Songcatcher begins with musicologist Lily (Janet McTeer) performing a beautifully measured version of the folk song "Barbara Allen" for her students. Everything around her speaks culture, refinement, learning. But it is only when Lily gamely ventures into the Appalachian mountains that she will hear a truer version of this same tune.

 

Although the year is 1907, Songcatcher relies on an unstated parallel with a contemporary situation: the rise of world music, with its heavy (and often dubious) emphasis on folk and primitive traditions. For a fleeting moment, Tom (Aidan Quinn) aggressively counters Lily's claim that she has come to exalt this music with the charge that she is there merely to exploit it.

 

But this is, essentially, a story of going native – in which the over-civilised Lily will throw off her shackles and discover herself.

 

Writer-director Maggie Greenwald (The Ballad of Little Jo, 1993) has an undoubted feeling for music and for nature – which, fortunately, count for almost everything here – but is less adept at shaping other elements.

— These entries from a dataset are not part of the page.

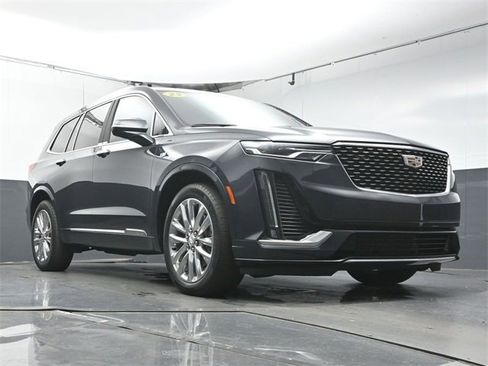 Used 2023 Cadillac XT6 Premium Luxury image 34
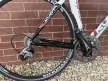 KUOTA KHARMA RACE - ORSZÁGÚTI KERÉKPÁR 28” / 52 CM / Karbon váz / Shimano Ultegra 2x10 fékváltókar rendszer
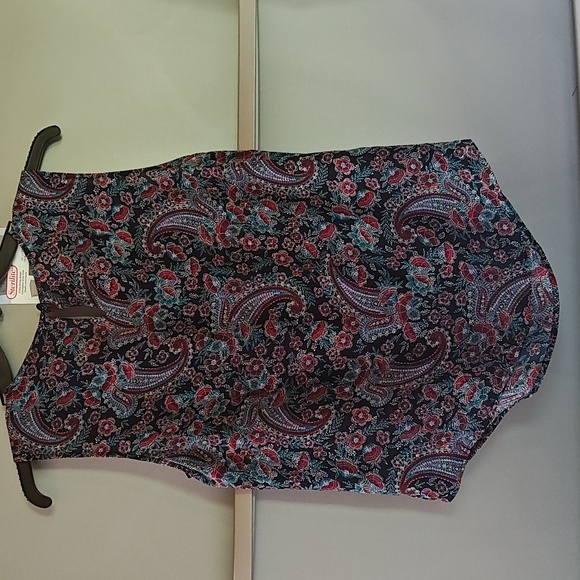 Talbots Shirt Womens Medium Black Red Floral Sheer V Neck Sleeveless Career Top - Picture 3 of 5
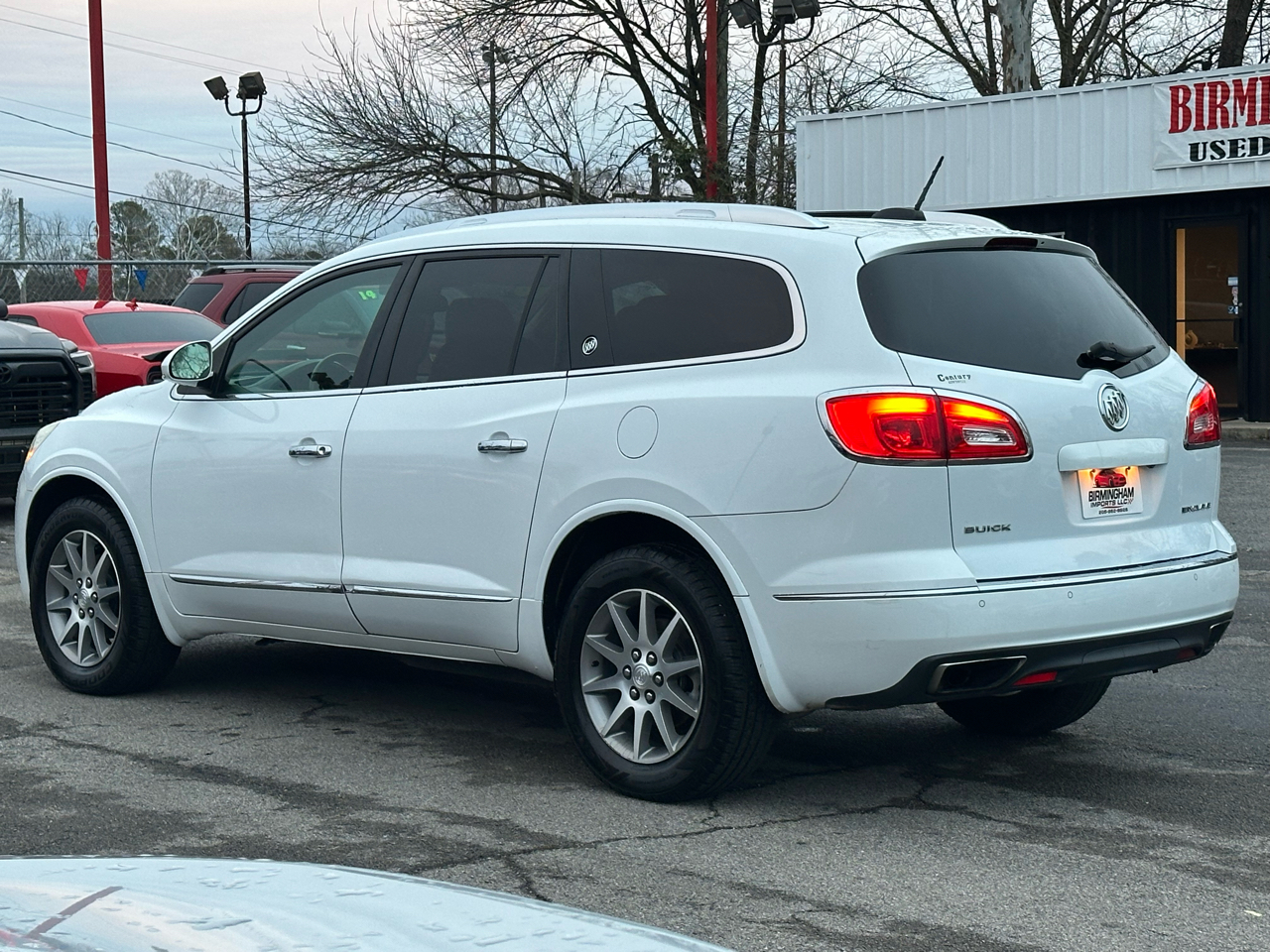 Buick Enclave FWD 4dr Convenience 2016
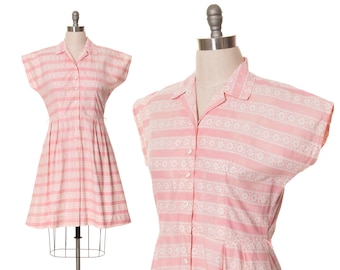 Vintage skjortklänning från 1940-talet och 1950-talet | 40-talet, 50-talet, randig bomull, rosa strass, knappar, figursydd och utsvängd skjortmidja, dagklänning med ficka (stor)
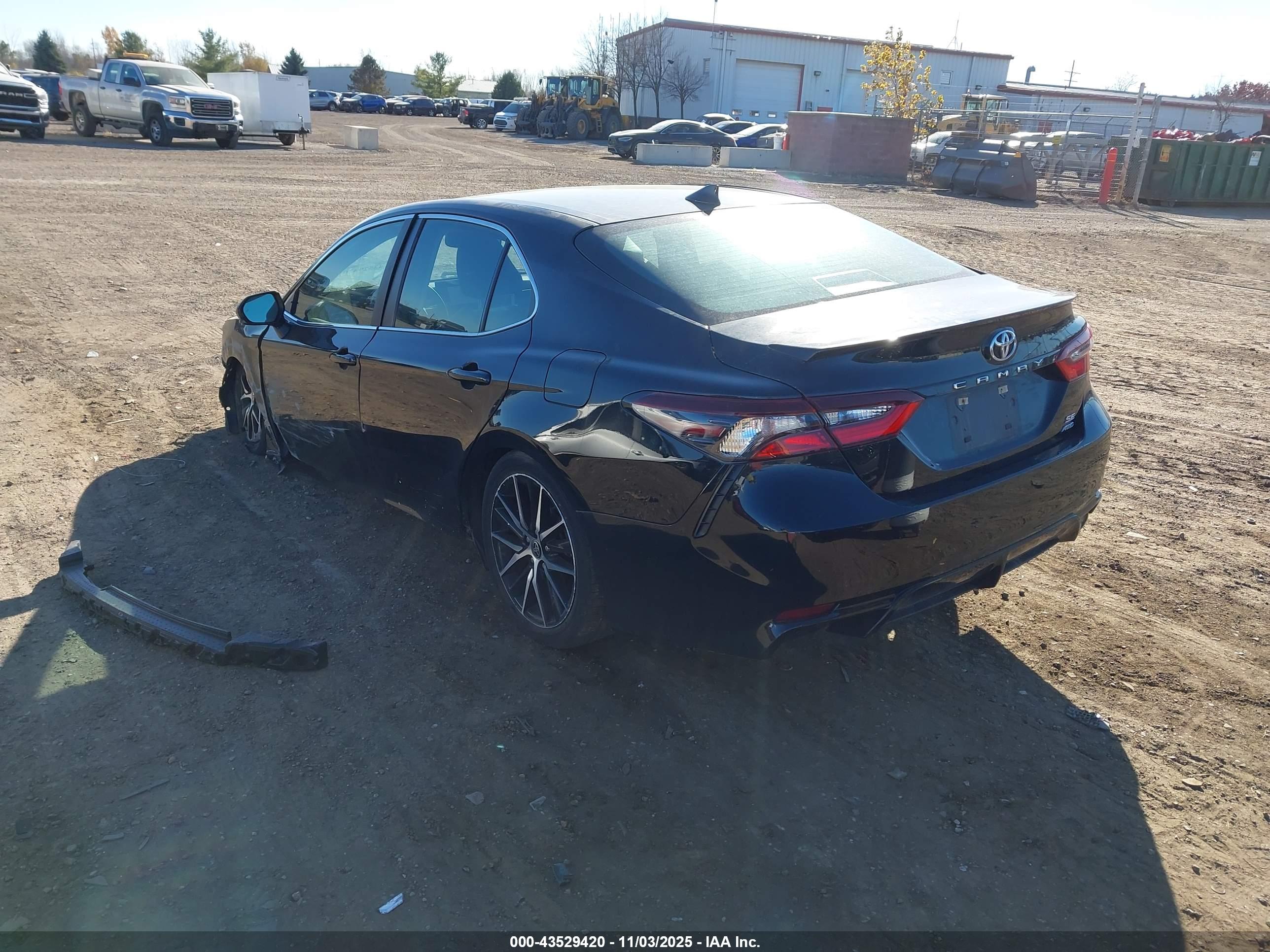 TOYOTA CAMRY image 3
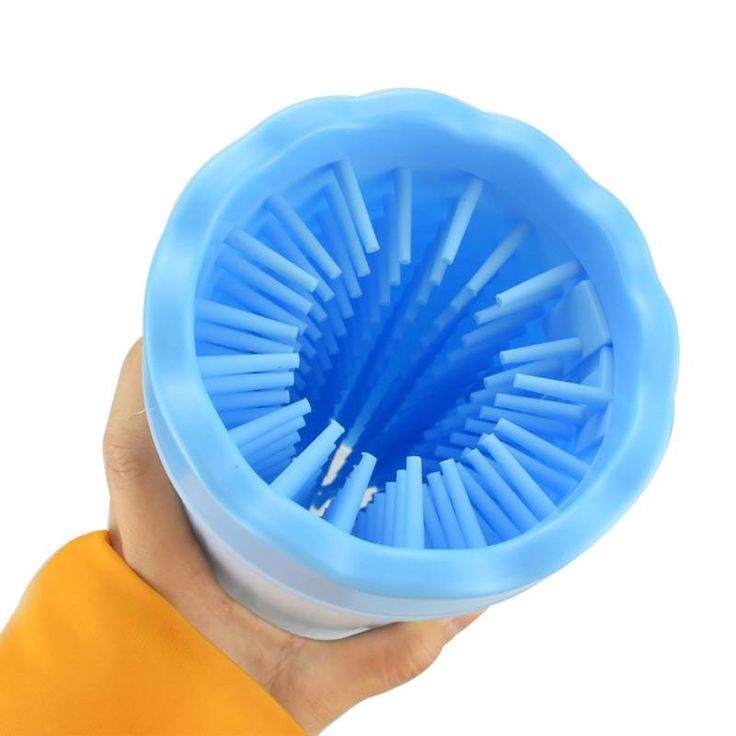 Dog paw cleaner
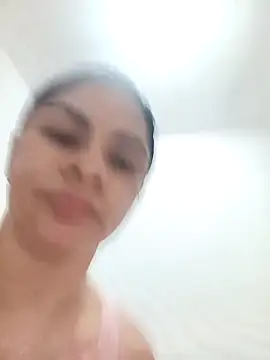 luna pinky online show from March 11, 2:33 pm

McTeer gives an overly mannered and theatrical performance. Plots and sub-plots involving romance and the conflict of old and new ways follow a by-the-numbers schema.

 

The influence of John Sayles hangs heavily over Songcatcher. Like him, Greenwald has intriguing ideas that never quite manage to become dynamic, cinematic fictions.  We can admire the intention, but are rarely thrilled or moved. Also like Sayles, Greenwald has a weakness for turning her tales into vehicles for political platitudes: her vision of pioneer life would be incomplete without not only a proto-feminist heroine, but also a heroic queer couple in the local school closet.

 

Greenwald is more interested in the lolling in the Arcadian idyll offered by these Appalachian mountains than in confronting the dramatic forces that inevitably alter them. Still, the days of heaven she evokes – suspended in timeless rituals of song, dance and working the land – do exude a lovely fragrance.